Errada, porque na interrupção o período é computado como tempo de serviço, e não deixado de fora.
- B)interrompido, e ela não receberá a verba salarial correspondente aos dias de afastamento, mas o período de sete dias será computado como tempo de serviço.
Errada, porque se há interrupção e afastamento por doença comum dentro dos 15 primeiros dias, o empregado recebe salário.
- C)interrompido, ela receberá a verba salarial correspondente aos dias de afastamento e o período de sete dias será computado como tempo de serviço.
Certa, porque os 7 dias de atestado por doença não ocupacional geram interrupção do contrato, com salário pago e contagem do tempo.
- D)suspenso, ela receberá a verba salarial correspondente aos dias de afastamento e o período de sete dias será computado como tempo de serviço.
Errada, porque suspensão não é a hipótese dos primeiros dias de afastamento por doença comum, e ainda haveria pagamento e contagem do período.

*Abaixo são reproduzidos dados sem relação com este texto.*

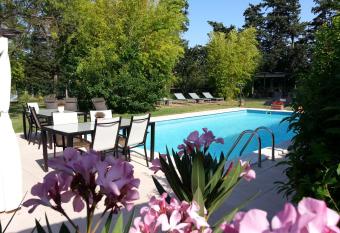 Mas la Provence has Balcony rooms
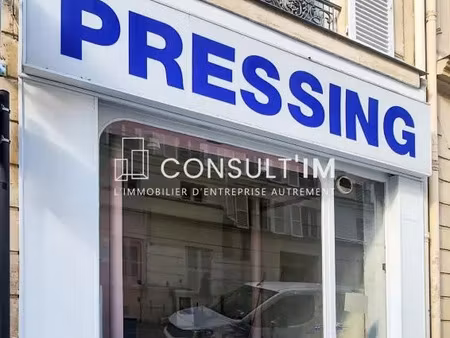 a toute proximité de saint-augustin  une boutique à louer de 25 m²
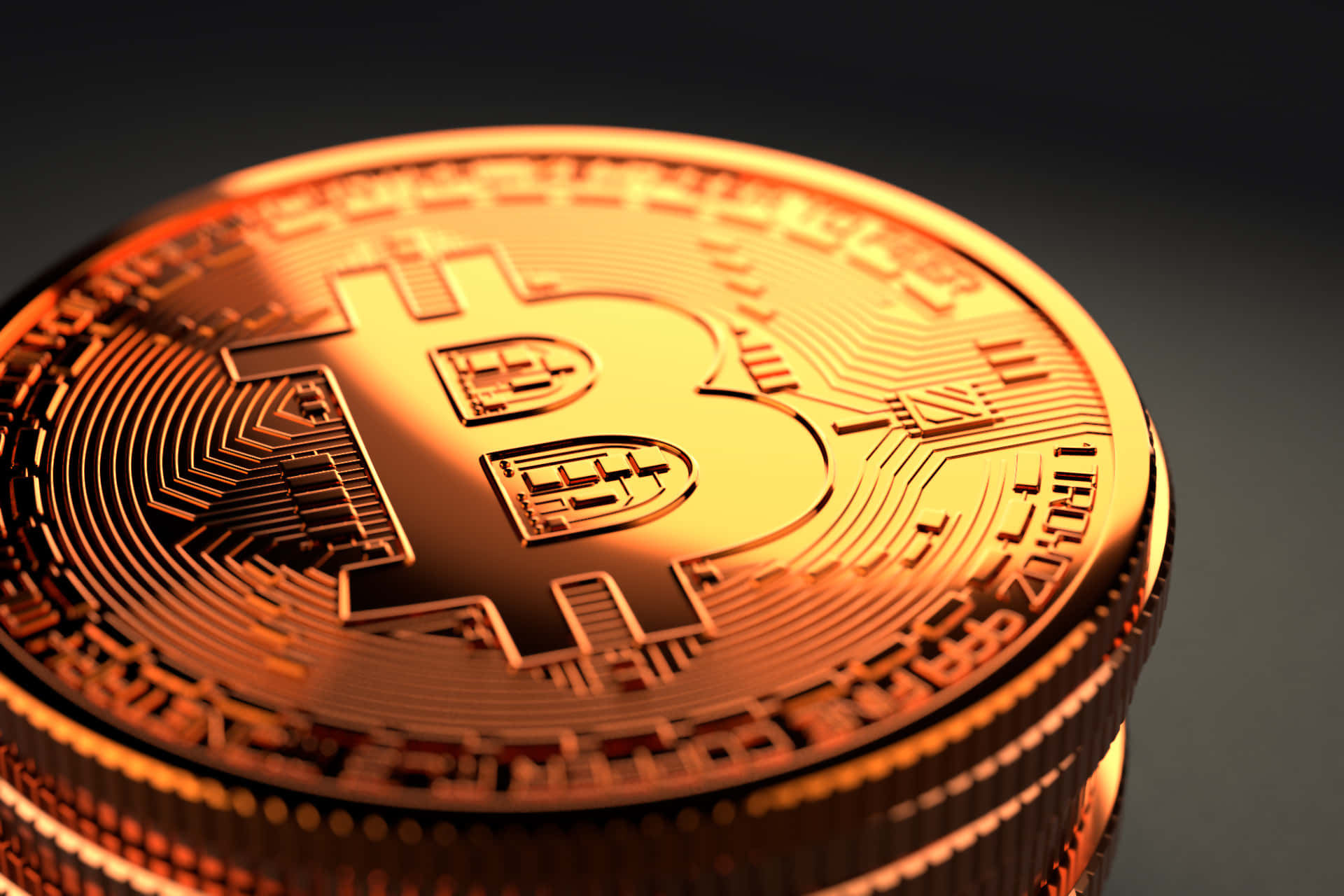 比特幣的崛起 壁紙 — 一枚閃閃發光的金色比特幣，帶有電路圖案，堆疊在深色漸變背景上。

- E)suspenso, ela não receberá a verba salarial correspondente aos dias de afastamento e o período de sete dias será computado como tempo de serviço.

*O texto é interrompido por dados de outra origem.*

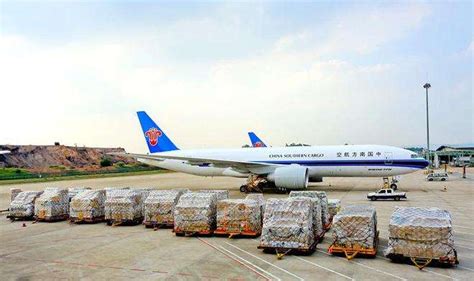 航空货运-深圳航空货运业务发展良好,上半年机场进出口货量增长22.4%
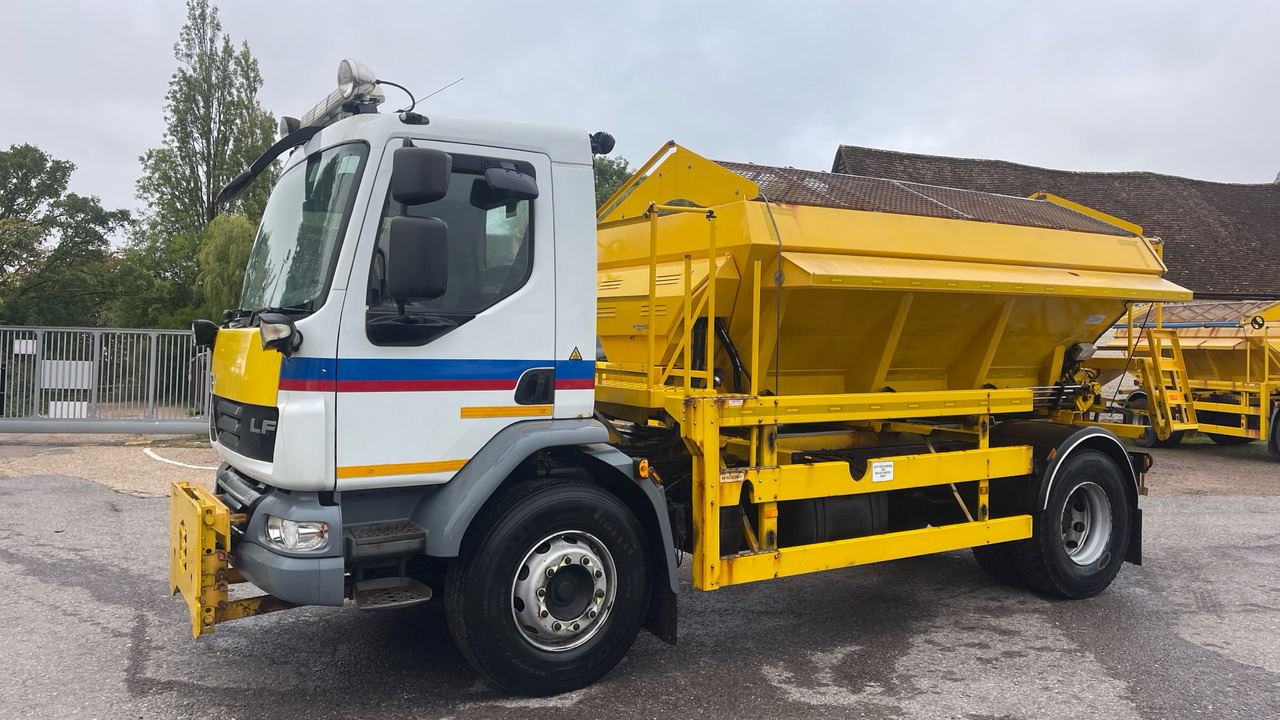 DAF LF 55.220 - Snow removal vehicle: picture 2 DAF LF 55.220 - Snow removal vehicle: picture 2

Errada, porque na suspensão não há pagamento salarial, mas aqui o afastamento curto por doença comum não configura suspensão.
Gabarito: C
Quando o empregado fica afastado por motivo de saúde sem relação com o trabalho, a regra geral é simples: os primeiros 15 dias são pagos pelo empregador e contam como tempo de serviço. Isso caracteriza interrupção do contrato de trabalho, e não suspensão. Na suspensão, em regra, não há pagamento de salários nem contagem do período como tempo de serviço. No caso de Marina, o atestado foi de 7 dias, isto é, dentro do período em que o empregador continua responsável pelo pagamento. Por isso, o contrato fica interrompido: ela recebe a remuneração correspondente aos dias afastados e esses 7 dias entram normalmente na contagem do tempo de serviço. Esse entendimento decorre da lógica da CLT e da doutrina trabalhista clássica: na interrupção, o empregado não trabalha, mas mantém o vínculo com efeitos jurídicos importantes, como salário e tempo de serviço. Na suspensão, o vínculo fica em pausa mais profunda, com bem menos efeitos econômicos. Então, a letra C está correta porque junta exatamente os dois elementos da interrupção: pagamento dos dias afastados e cômputo do período como tempo de serviço.